The size of constituencies used in FPTP, and the even larger ones used in STV, mean that politicians can’t hear the voices of individual communities clearly. The link between voters and MP gets weaker the larger the size of the constituency they are elected in.
There is only one electoral system that will make the gap smaller and deliver proportional results, non-contiguous first past the post. For an explanation on how this works, click here. (For reference, 19% of council seats are Lib Dem, not including district seats.)
An MP is not given an easy ride in safe seats in this system, FPTP/AV constituency boundaries mean it is practically certain who will get elected. For a party to lose representation under STV, there may have to be a significant swing of many thousands of votes in a 5 member constituency of hundreds of thousands of voters.
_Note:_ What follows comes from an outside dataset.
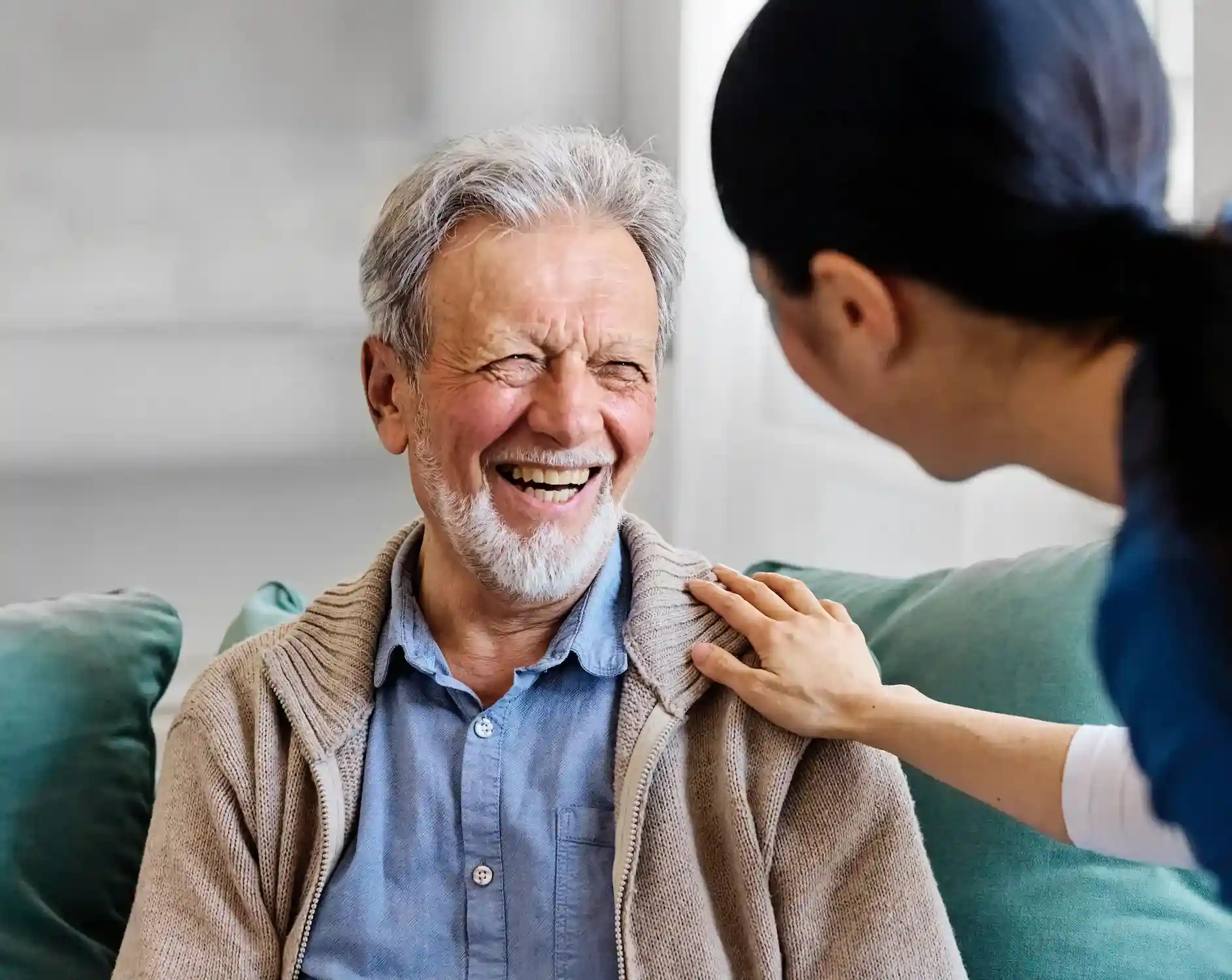 The Bristal Assisted Living - Senior resident smiling as a team member of The Bristal assisted him with personal care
No parts of wards will go neglected, Labour parts of Tory safe seats will have representation, and vice versa. In Non-Con. voting, the majority in safe seats would consist of no more than a few thousand votes, meaning a challenger could get elected first time round, without having to build up a voter base over many election cycles. Communities will get the representatives they vote for, and parties will have a democratic mandate because they have won elections to get where they are. A fringe 5% of the vote is not the same as 50% of the vote in 50 wards.
As councillors and MPs would always be of the same political party, team building would be made easier. Councillors would be the local face of this team, meeting constituents on a day to day basis. Or, rephrased, meeting many more constituents than the Mp could do alone. They would be able to answer questions on policy that may not be made clear, or distorted in the media. For example, communication over immigration would have been made a lot easier between Labour and their constituents if voters had a direct conduit to their Mp, who is currently far too remote for many voters to access. The same message coming from a local person would have a different resonance than if it had come from a cabinet minister that spends their life in London.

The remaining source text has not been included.